Sunday, June 19, 2011

Juxtapositions

Art dealer/designer Hester Diamond gave an interview to the London arts magazine Apollo and opened her Manhattan apartment for the June issue. She and her husband had built their own collection of modern paintings in the 1950s, 60s and 70s. Harold Diamond died in 1982. Hester Diamond subsequently took the collection around a different corner, gradually selling off 20th-century works to finance acquisition of Renaissance and Baroque. Most strikingly, she chose to set the Old Master paintings against bright, linear 21st-century furniture.


Marcel Wanders sofas. Venus Disarming Cupid by Paolo Veronese (1550-55).


Barber Osgerby table. Angelica and Medoro by Cornelis van Haarlem (1616).

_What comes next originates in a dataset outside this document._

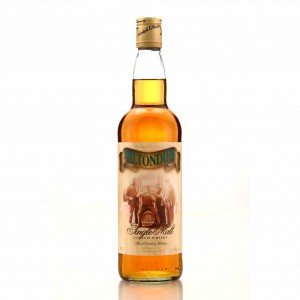 Miltonduff 15 Year Old 1990s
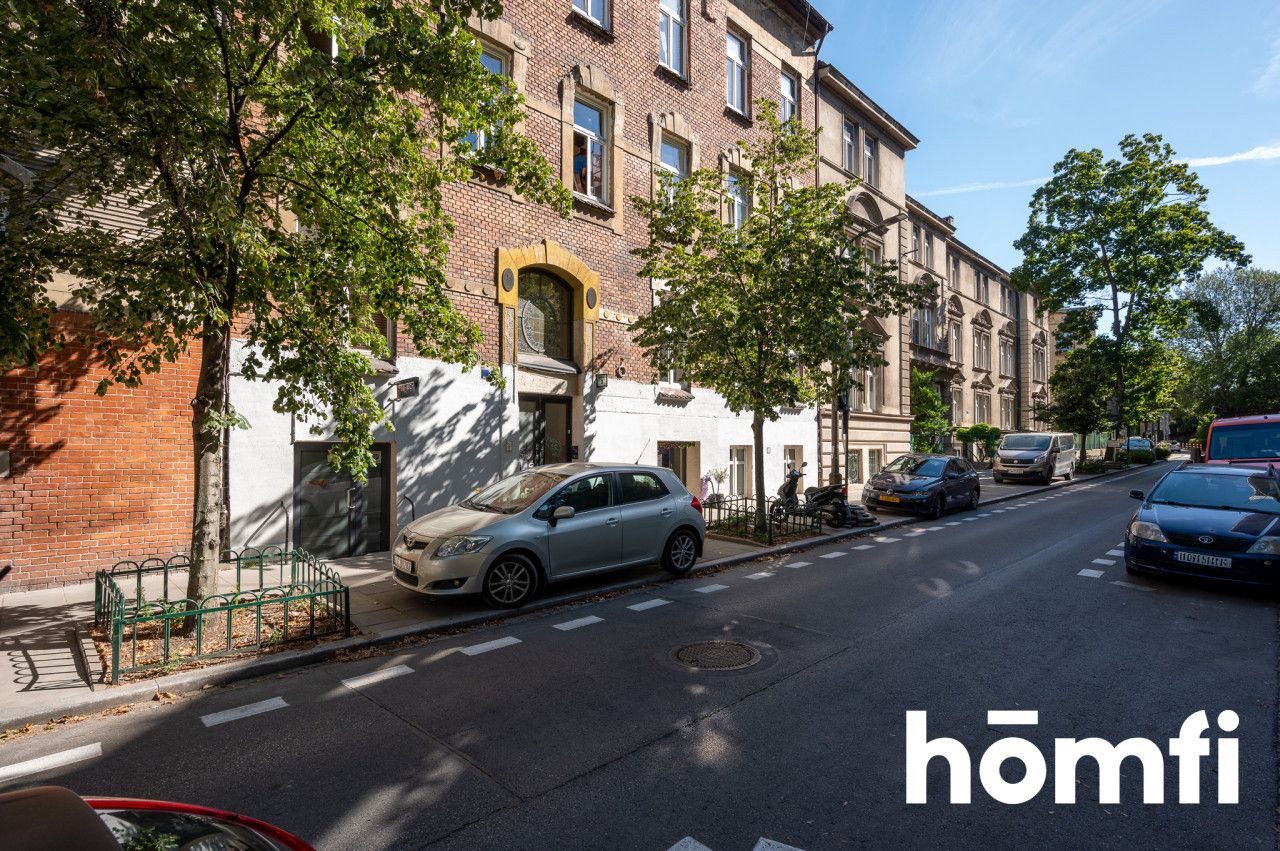 81 m² apartment for sale, Siemiradzkiego Street, Kraków - Квартира - Продаж - Kraków, Śródmieście / Stare Miasto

The Plague at Pergamea and Sicilian Games by Dosso Dossi (1520-25). Marble relief of Dido (center) by Giovanni Maria Mosca (c. 1520).


Chaise longue by Patricia Urquiola. The Vestal Virgin Tuccia by Moretto da Brescia (c. 1545-48).


Left to right, Gianlorenzo Bernini's marble Autumn (c. 1616-18), Bill Viola's video Ablutions (2005), Xu Zhen's Spread Forest (2010).